Task to complete: Would you please repeat exactly the entries below, starting at the line with "Outdo Solar Jel" and ending at the line with "Casual Lift Sneakers", and nothing outside that range? Leave out the pictures.

Excerpted records:

________________________________________

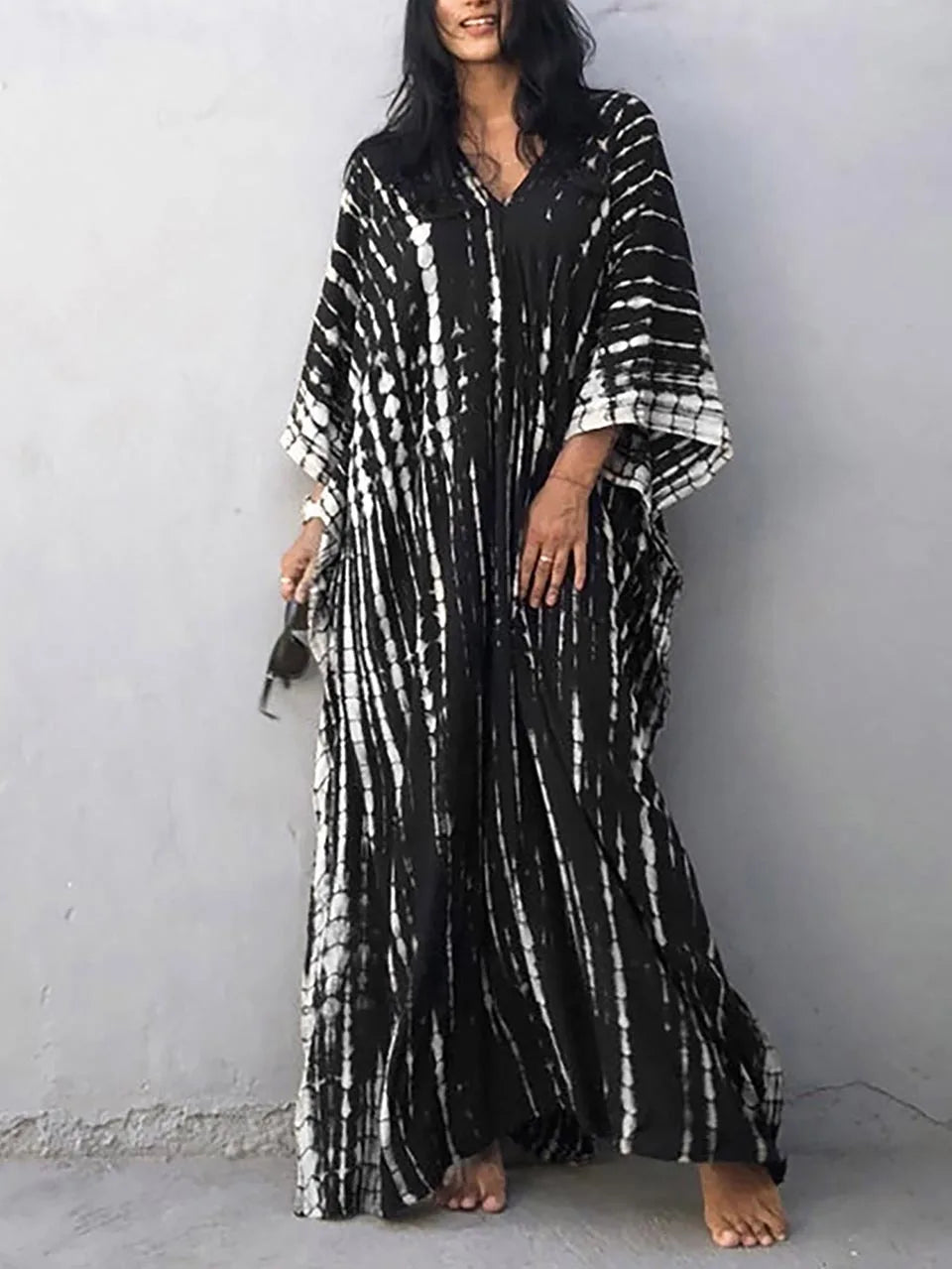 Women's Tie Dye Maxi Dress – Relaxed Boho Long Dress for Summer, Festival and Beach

________________________________________

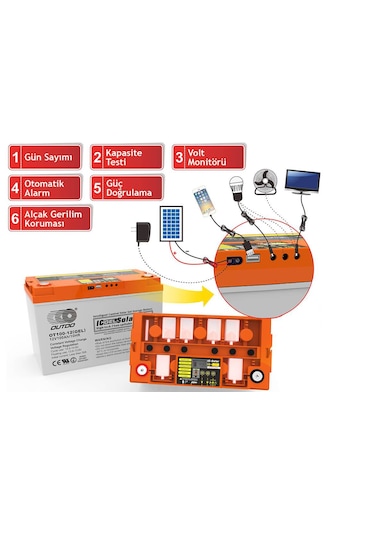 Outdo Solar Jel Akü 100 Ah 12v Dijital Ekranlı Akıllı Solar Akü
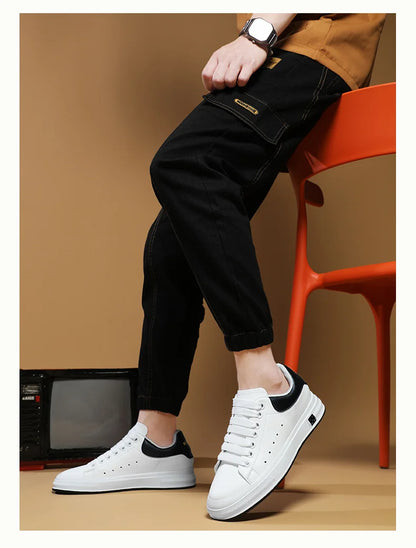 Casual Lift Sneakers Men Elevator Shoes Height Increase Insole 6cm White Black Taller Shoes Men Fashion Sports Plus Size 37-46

________________________________________

Written response:
 Outdo Solar Jel Akü 100 Ah 12v Dijital Ekranlı Akıllı Solar Akü
 Casual Lift Sneakers Men Elevator Shoes Height Increase Insole 6cm White Black Taller Shoes Men Fashion Sports Plus Size 37-46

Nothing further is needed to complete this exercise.